*** Opening SUPPLIED MATERIAL ***

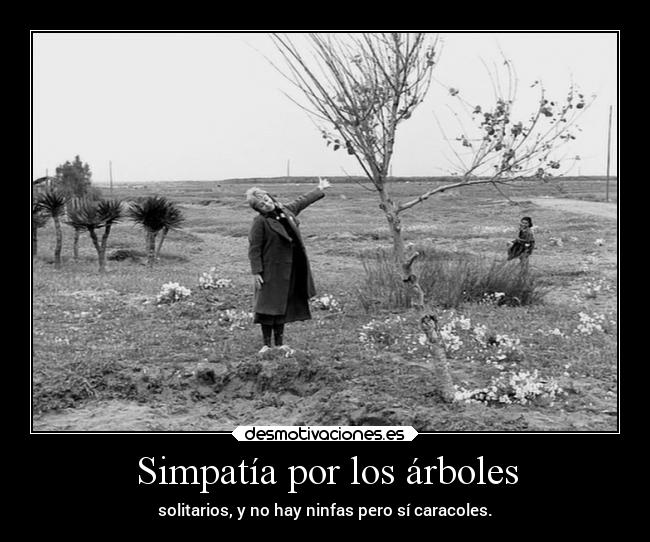 Simpatía por los árboles -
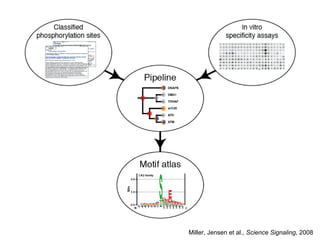 Miller, Jensen et al.,  Science Signaling , 2008 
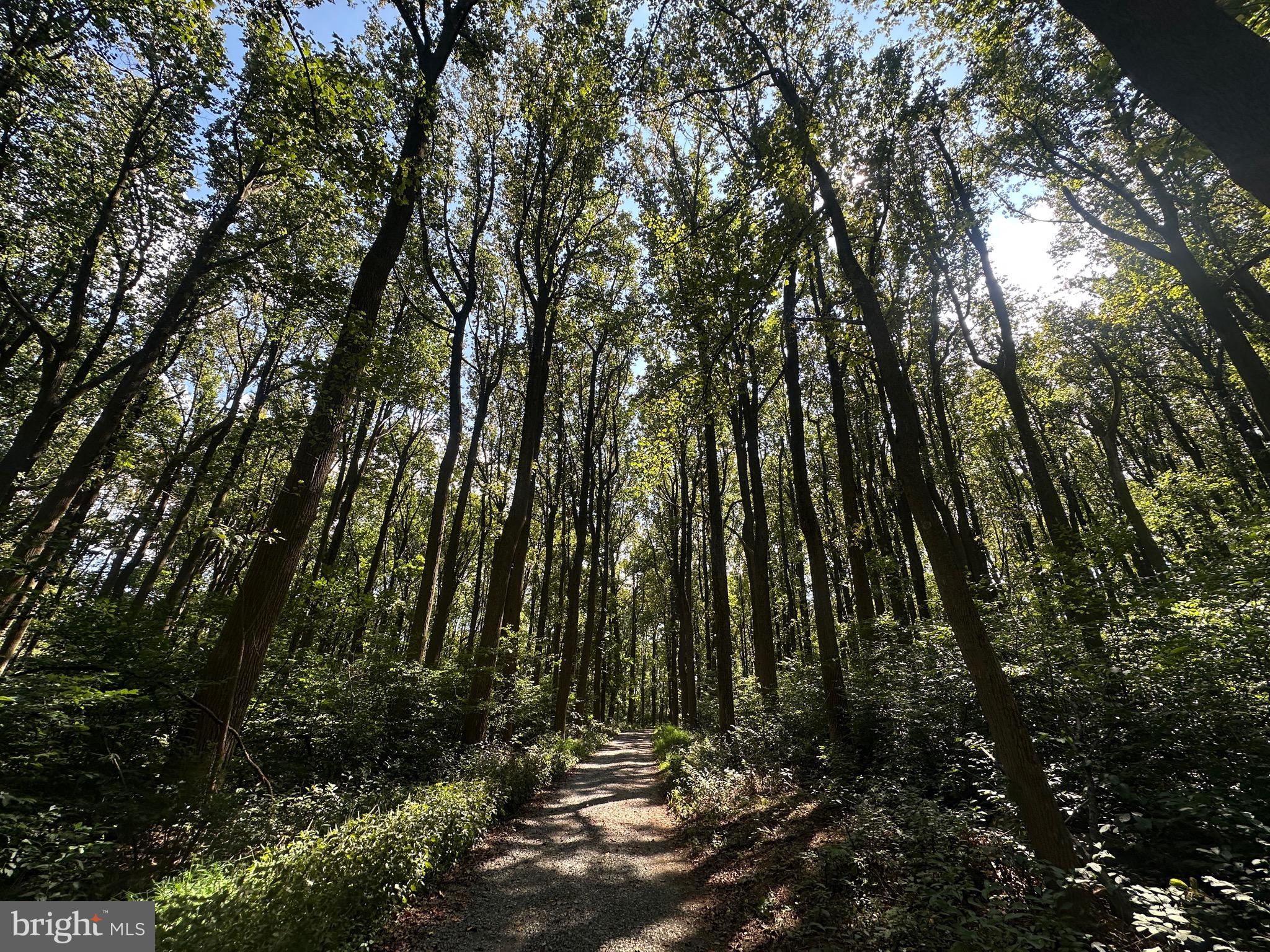 Blueridge Mountain Upperville, VA 20184 - Photo 3 of 32 Beautiful gravel entry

*** Closing SUPPLIED MATERIAL ***

▶ _DESCRIPTION OF THE TASK_:
Please return the lines from the line with "Miller, Jensen et" through the last line of the data, both included, exactly, and without pictures.

▶ _EXPECTED OUTPUT_:
 Miller, Jensen et al.,  Science Signaling , 2008 
 Blueridge Mountain Upperville, VA 20184 - Photo 3 of 32 Beautiful gravel entry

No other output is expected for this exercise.